## Available data
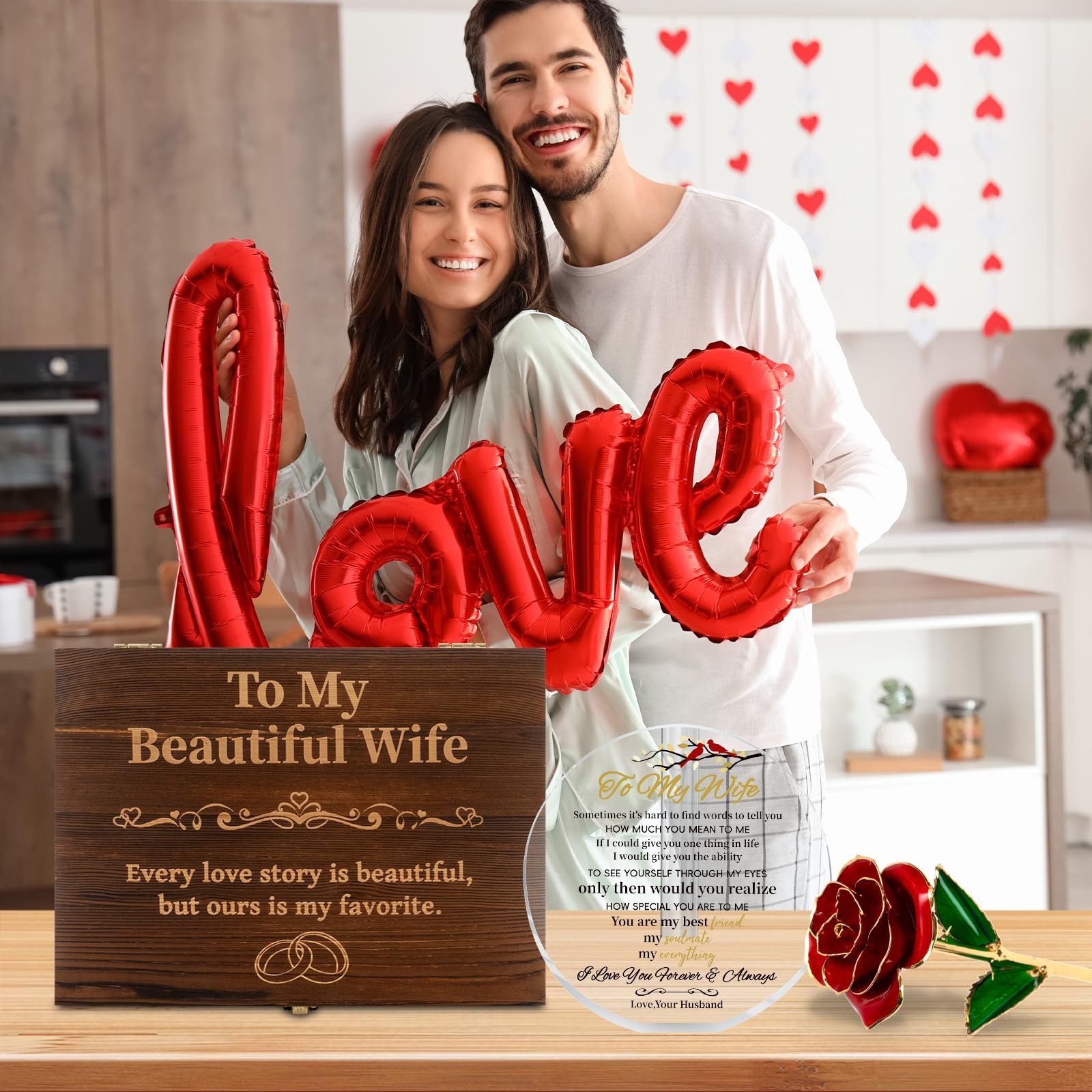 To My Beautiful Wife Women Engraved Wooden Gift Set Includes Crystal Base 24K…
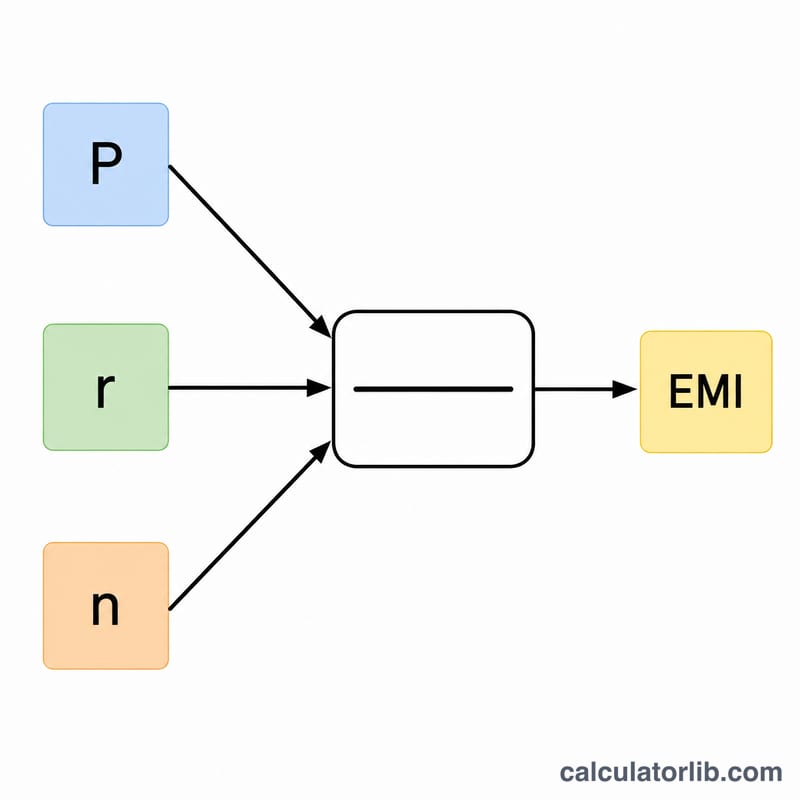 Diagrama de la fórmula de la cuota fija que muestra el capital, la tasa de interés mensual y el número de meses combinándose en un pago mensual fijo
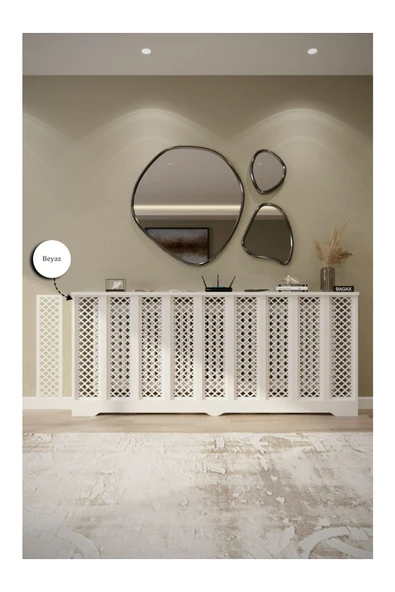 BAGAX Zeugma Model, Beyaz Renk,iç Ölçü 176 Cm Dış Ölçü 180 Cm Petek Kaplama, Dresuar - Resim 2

## Task objective
Starting at the line that contains "Diagrama de la", write out exactly each line through the last one in the listing above, leaving out the pictures and adding nothing else.

## Your response
 Diagrama de la fórmula de la cuota fija que muestra el capital, la tasa de interés mensual y el número de meses combinándose en un pago mensual fijo
 BAGAX Zeugma Model, Beyaz Renk,iç Ölçü 176 Cm Dış Ölçü 180 Cm Petek Kaplama, Dresuar - Resim 2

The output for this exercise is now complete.